Can anyone advise how the following equation was derived.

http://uploadpie.com/PYLrD

 

[Herman Trivilino]

Before we try to answer your question, you'll have to convince us that this is not a homework assignment.

 

[jderulo]

It is part of a document of examples not part of an assignment that's why I have all the answers

 

[boneh3ad]

Have you attempted this yourself yet?

 

[jderulo]

Yes but cannot fathom the 1/D wher eit came from

 

[Chestermiller]

Hey Boneh3ad,

Have you noticed that the given answer is not dimensionally correct. They left out the width of the channel (if the really mean that Q is the volumetric flow rate).

Chet

 

[jderulo]

I took the expression as meaning the velocity - I know it states for Q but it does not multiply by area anywhere.

 

[Chestermiller]

I took the expression as meaning the velocity - I know it states for Q but it does not multiply by area anywhere.

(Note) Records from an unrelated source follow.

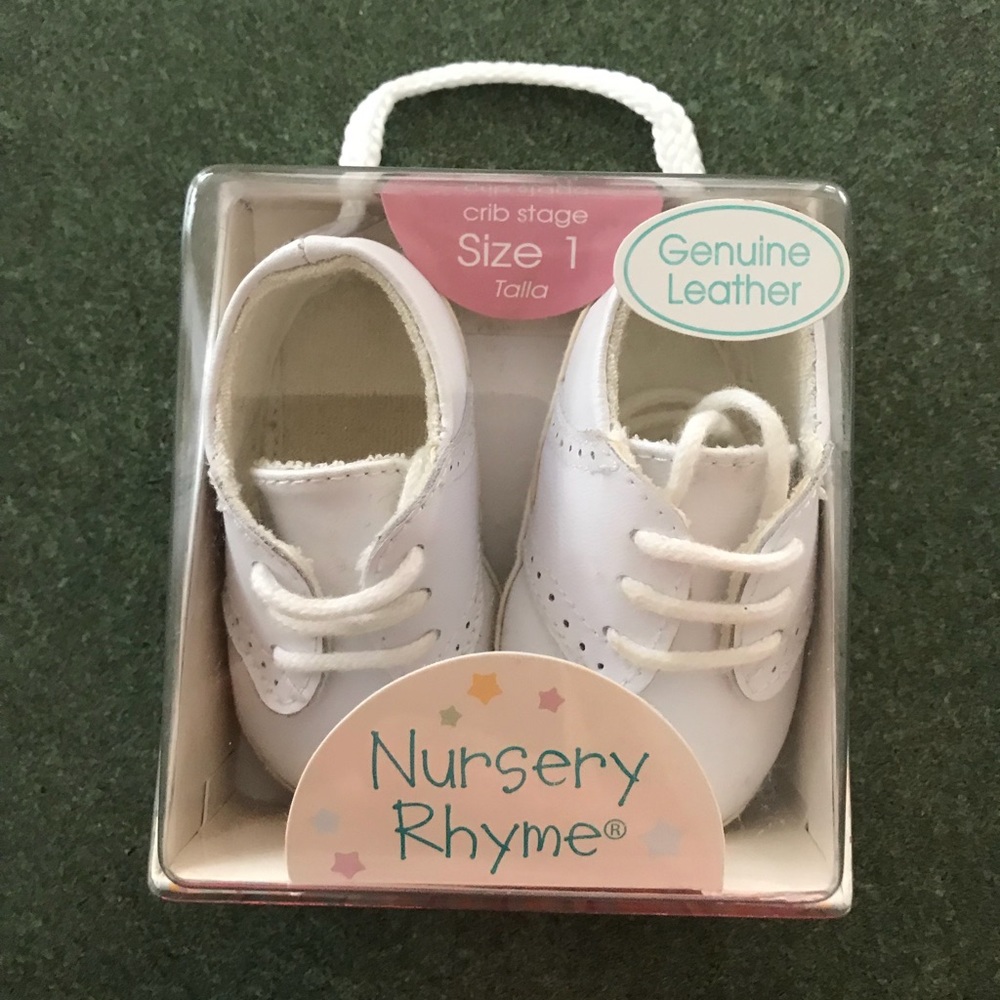 Baby boys white crib dress shoes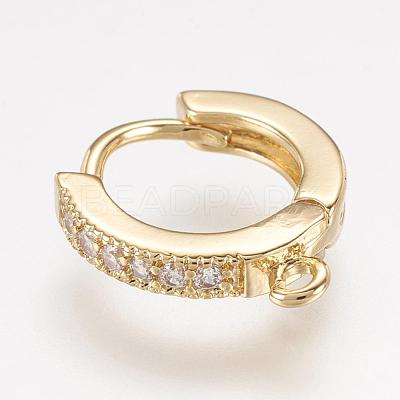 Brass Huggie Hoop Earring Findings KK-L152-20-1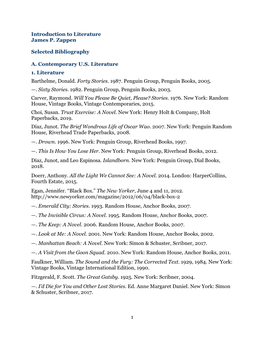 1 Introduction to Literature James P. Zappen Selected Bibliography A. Contemporary U.S. Literature 1. Literature Barthelme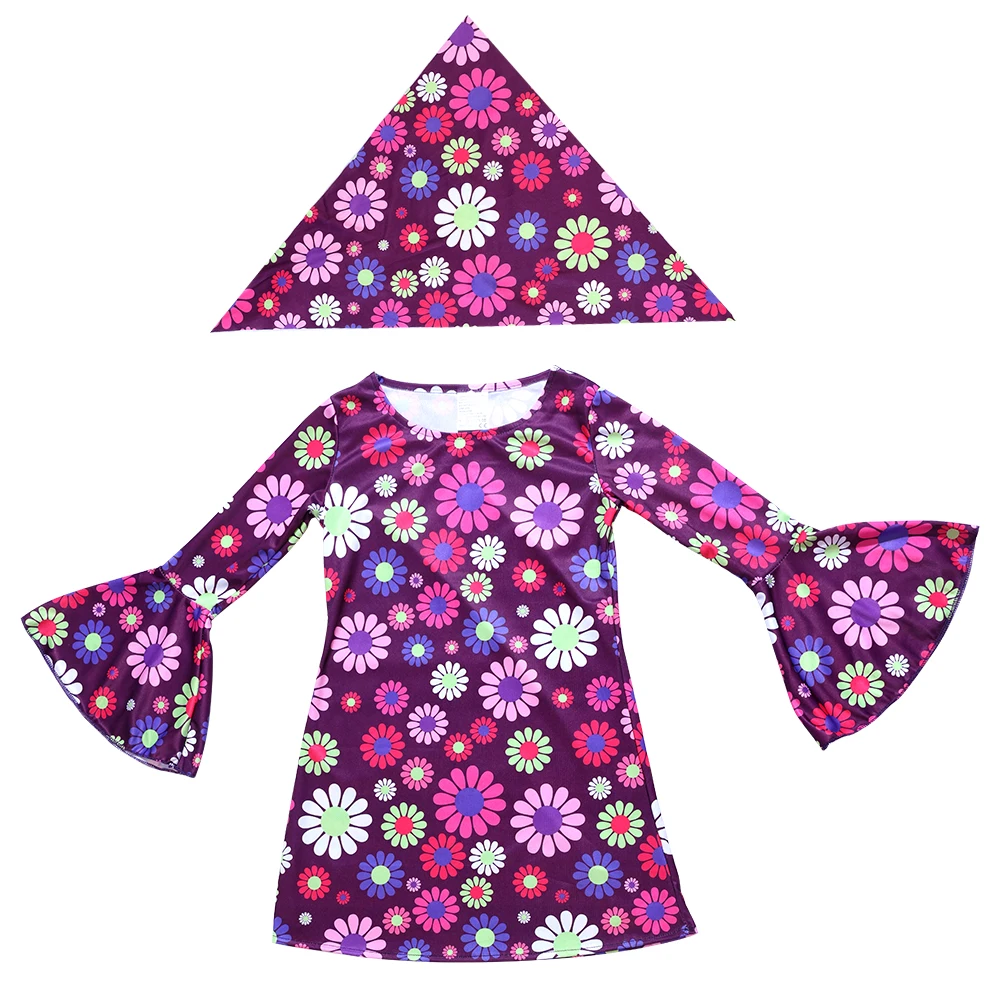 60s 70s Disco Floral Print Dressing Bohemian Hippie Outfit for Kids Costume Halloween Costume for Role Play and Parties view 5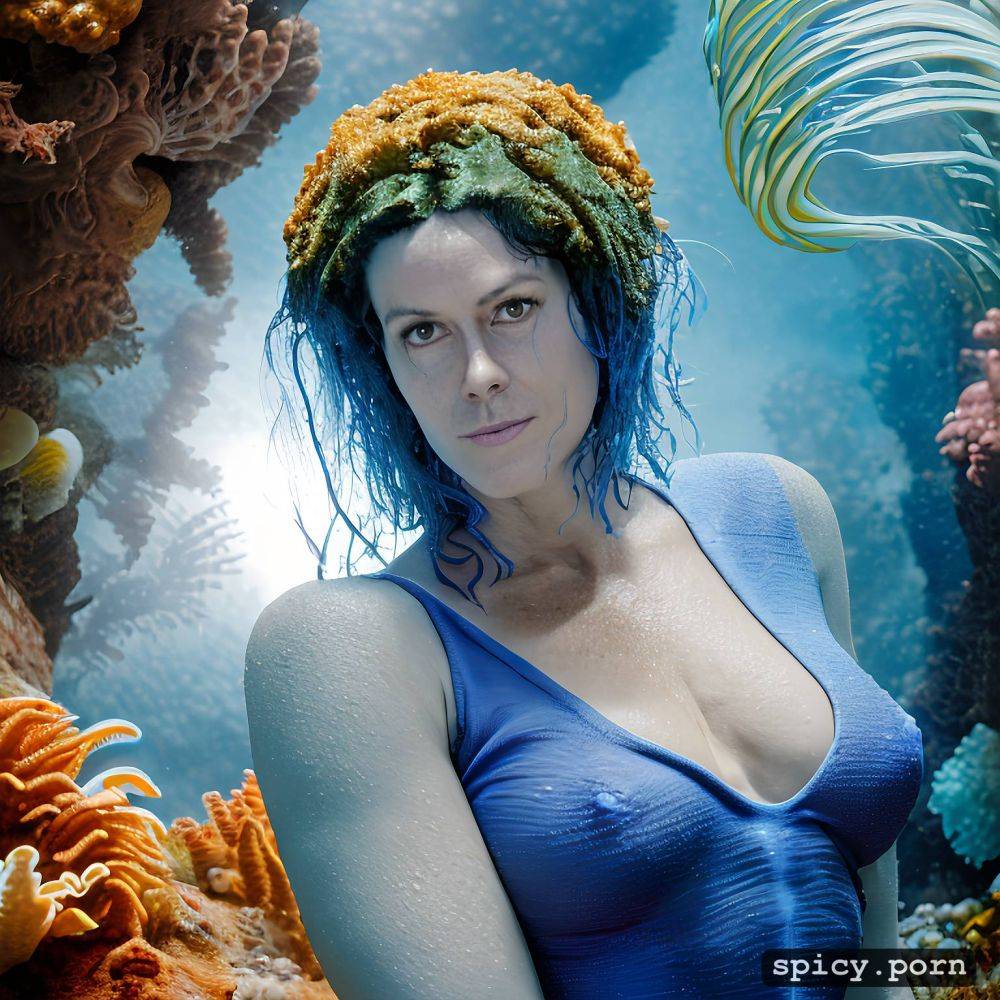 realistic, visible nipple, masterpiece, young sigourney weaver as blue alien from the movie avatar sigourney weaver swimming underwater near a coral reef wearing tribal top and thong - #main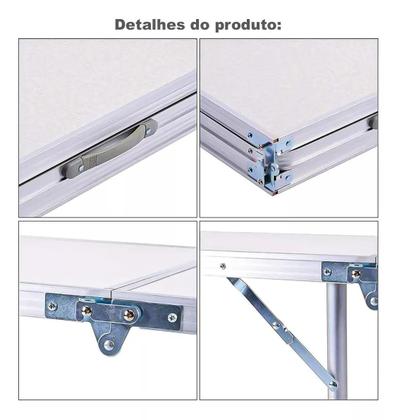 Imagem de Mesa Dobrável Portátil Vira Maleta Camping Praia 120X60Cm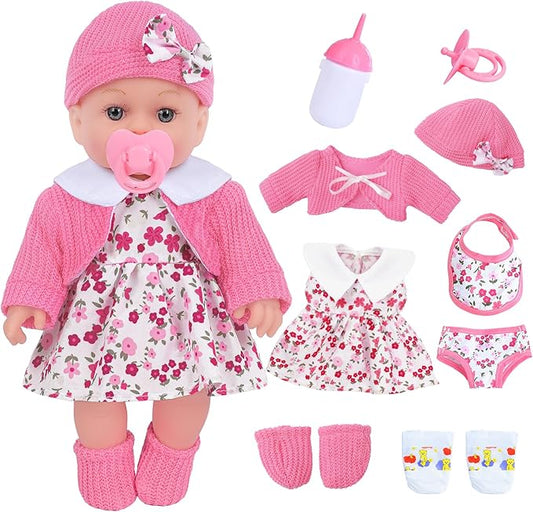 ZNTWEI 12 Inch Baby Doll Playset with Reborn Baby Dolls Clothes and Accessories Including Bottles, Nipple, Diaper, Bib, Underpants
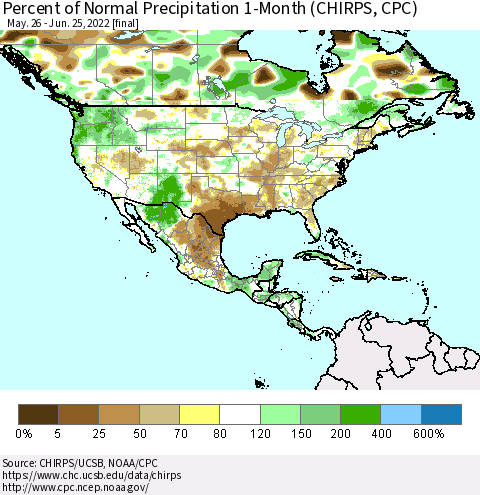 North America Percent of Normal Precipitation 1-Month (CHIRPS) Thematic Map For 5/26/2022 - 6/25/2022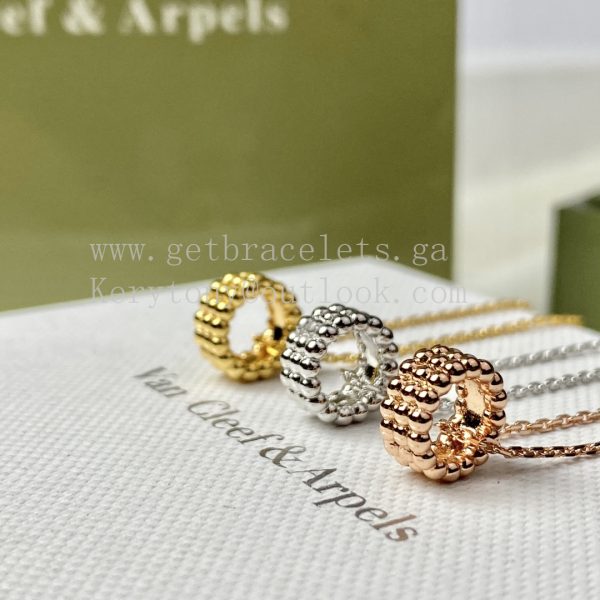 Van Cleef Arpels Perlee Pearls Necklace 3 Rows Yellow Gold/Rose Gold/White Gold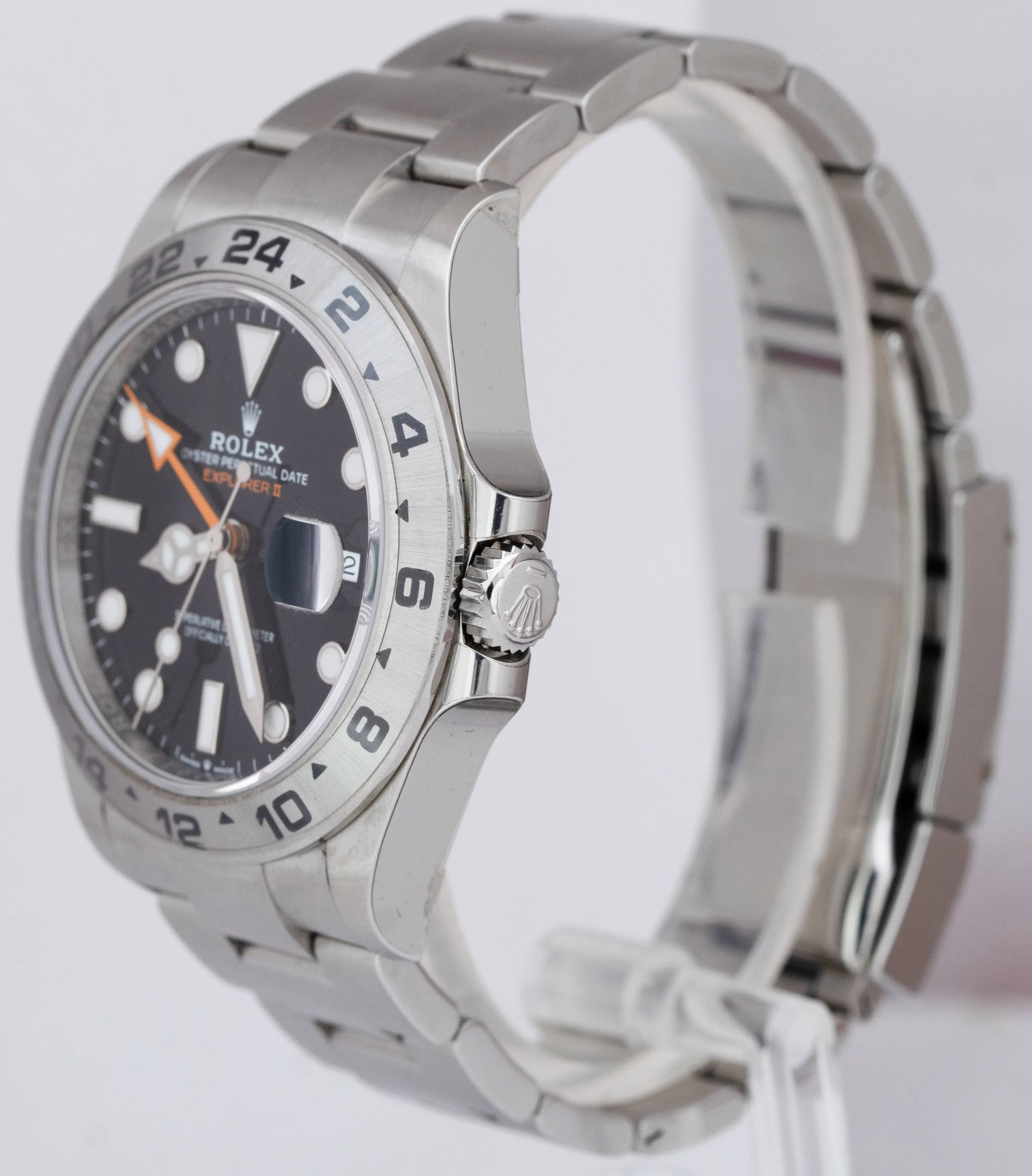 NEW STICKERED 2021 Rolex Explorer II 42mm Black Orange Steel Date Watch 226570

$\frac{Q}{wD}=$ velocity at the left of the figure, where w is the width of the channel. So the area is wD.

chet

 

[boneh3ad]

Hey Boneh3ad,

Have you noticed that the given answer is not dimensionally correct. They left out the width of the channel (if the really mean that Q is the volumetric flow rate).

Chet

Yes. I was able to reproduce the formula from the problem with the added $w$ term included, but I am not 100% convinced that the assumptions used to get there make a whole lot of sense to me at the moment.

 

[Chestermiller]

Yes. I was able to reproduce the formula from the problem with the added $w$ term included, but I am not 100% convinced that the assumptions used to get there make a whole lot of sense to me at the moment.

Me neither, if you are referring to the dip in the upper surface.

Chet

 

[boneh3ad]

Me neither, if you are referring to the dip in the upper surface.

Chet

I was referring to the fact that you have to assume that the pressure differenc causing acceleration is wholly explained by the slight change in hydrostatic pressure due to $\Delta h$. The more I think about it, though, the more that makes sense. That assumption gives the same answer as the original post, except the expression describes $Q/w$ instead of just $Q$.

 

[256bits]

except the expression describes Q/w instead of just Q .

I would think a unit width is implied, which makes the expression easier to work with.

Multiply by the whole width to obtain the total flow in the channel.

 

[boneh3ad]

I would think a unit width is implied, which makes the expression easier to work with.

Multiply by the whole width to obtain the total flow in the channel.

It may be but it specifically says volumetric flow rate and leaves it out. You could certainly assume unit width but you'd have to say that in order for the units to make sense. It's probably just one of those things that the author overlooked as obvious but would have confused me as an undergraduate.